You only close your eyes and believe someone without evidence when there ISN'T any evidence. And then you'd better be sure that your chosen authority is a real one, and not just someone who feeds your prejudices. Lord only knows that in alternative medicine in particular there are no end of the latter.
The bandwagon fallacy assumes something is true (or right, or good) because other people are doing it or agree with it. "Few can resist bandwagon", an alert reader emailed me, and he is right. It terrifies us on some primal level to disagree with the crowd (probably because a lot of people have gotten themselves murdered that way) and when everyone in your office is taking Super Duper Immune Complex to fend off colds, you feel a little bit better when you start doing so yourself.
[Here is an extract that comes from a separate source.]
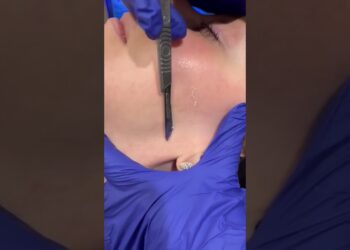 Dermaplaning at CosMedicLaserMD! 🌟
However, right away we should recall George Carlin's observation about how stupid the average person is, and half the people out there are stupider than that. (Seems like I've been bring that up a lot lately.) That in itself is almost a good enough reason to automatically View With Suspicion any new trend that sounds the least bit askance. People may call you a snob for doing that, but it's amazing how often you'll be right.
Finally, back to the English teacher who originally presented this all to me. In the midst of a class argument about whatever, one of my fellow students made an innocuous reference to said teacher being Jewish. He asked, "why do you assume that I'm Jewish?". Well, we'd all assumed it because of his name and because he looked a lot like Woody Allen, but we couldn't say that because we would have sounded like a bunch of little bigots. In the ensuing embarrassed hush, suddenly someone yelled from the back of the class, "You took the day off on Yom Kippur!". So remember two lessons that my favorite teacher ever taught us that day -- 1) to Assume DOES make an Ass of U and Me, and 2) Evidence, people, will save you every time.